Easter Island, which lies 2,300 miles away from Chile, is known by people around the world as a sacred place that has large, carved stone heads protruding out of the ground. Its history is very complex, but new research now shows that the collapse of its society might not have been as spectacular or large as has been previously thought.
Laure Dussubieux, a scientist from Field Museum, explained that the new study on Easter Island has revealed that residents cooperated with one another in a large-scale manner that wasn’t expected, as Popular Archaeology has reported.
“For a long time, people wondered about the culture behind these very important statues. This study shows how people were interacting, it’s helping to revise the theory.”
Dale Simpson Jr., who works at the University of Queensland and was the lead author of the new study, notes that “the idea of competition and collapse on Easter Island might be overstated. To me, the stone carving industry is solid evidence that there was cooperation among families and craft groups.”
The very first residents of Easter Island, who are known as the Rapa Nui locally, first happened upon the island 900 years ago. As tradition has it, Hotu Matua was Easter Island’s first chief, and he led his people in two canoes to the island. Over the course of centuries, this society quickly grew into thousands of people who eventually carved the famous statues of Easter Island that are known as moai, a work that would have required serious cooperation among the island’s inhabitants. There are around a thousand of these moai on Easter Island, and the tallest of these stretches an astonishing 70 feet.
As Simpson notes, just the sheer size and scale of the statues would have required enormous work and cooperation among the island’s inhabitants, and residents from priests to fishers would have helped with their construction.

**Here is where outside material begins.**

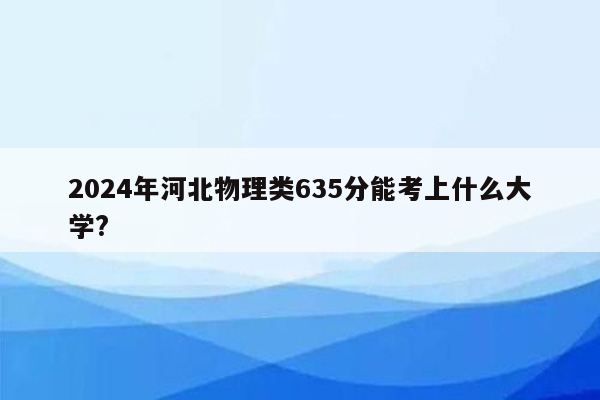 2024年河北物理类635分能考上什么大学?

“Ancient Rapa Nui had chiefs, priests, and guilds of workers who fished, farmed, and made the moai. There was a certain level of sociopolitical organization that was needed to carve almost a thousand statues.”
In order to fully understand the Easter Island inhabitants who would have painstakingly worked on these statues, scientists analyzed approximately 21 of the 1,600 stone tools constructed out of basalt that would have been used to chisel the moai.
Dussubieux explained that researchers wanted to learn more about the “raw materials used to manufacture the artifacts came from. We wanted to know if people were taking material from close to where they lived.”
As it turns out, three locations were found on Easter Island where the Rapa Nui would have gathered the materials to make their tools. Interestingly, the vast majority of the materials for these tools came from one specific quarry complex. What this would mean is that the residents of the island must have been communicating and collaborating with one another for the project to have been as successful as it was, according to Dussubiex.
“For everyone to be using one type of stone, I believe they had to collaborate. That’s why they were so successful—they were working together.”
Simpson went on to add that despite slavery and colonists, the Rapa Nui people of Easter Island never truly disappeared.
There’s so much mystery around Easter Island, because it’s so isolated, but on the island, people were, and still are, interacting in huge amounts. There are thousands of Rapa Nui people alive today—the society isn’t gone.”
Despite popular ideas about the society of the Rapa Nui people on Easter Island collapsing, this new research shows this did not happen on as spectacular of a scale as was previously assumed.